The phone rang three times before Randolph picked up. The man sounded exhausted; breathing heavily, his voice raspy. “Ben — that you?”
Ben acknowledged and asked if everything was okay.
“No. No, it’s not, Ben. There’s — well, there’s been…”
“Slow down, George, just tell me what happened.”
“The disease. The thing that got Fuller. He’s — he’s dead.”
Ben frowned, then whispered the news to Julie. Her eyes widened.
“I’m sorry to hear that, boss,” Ben said. “He was a good man.”

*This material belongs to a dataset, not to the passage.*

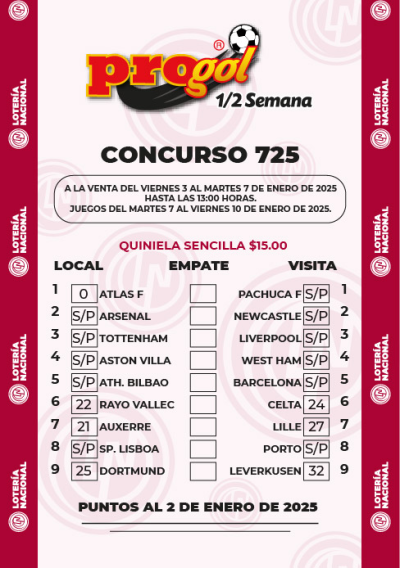 Partidos Progol Media Semana 725 Quiniela Ganadora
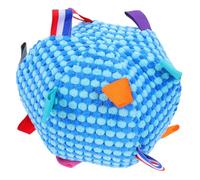 IMIKEYA Interactive Blue Plush Dog Squeaky Ball with Bell for Indoor Dog Games and Outdoor Walks Soft Teething Chew and Puppies to Keep Them Busy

“That’s not it, Ben. Whatever got to him, it’s spreading.”
“What do you mean?”
“I mean it’s spreading. Jumping, almost. We can’t figure it out. It’s fast. Much faster that we would have thought. Those of us who helped Fuller are covered in the rash, and our skin is starting to burn.”
“Wait a minute, Randolph,” Ben said. “You mean you’re infected?”
“Me, Matheson, Frank, Clemens, everyone who was in that room. We’ve got it, and we’re quarantined inside the main building. Matheson passed out not too long ago, but I don’t know if it was related to the rash at all.”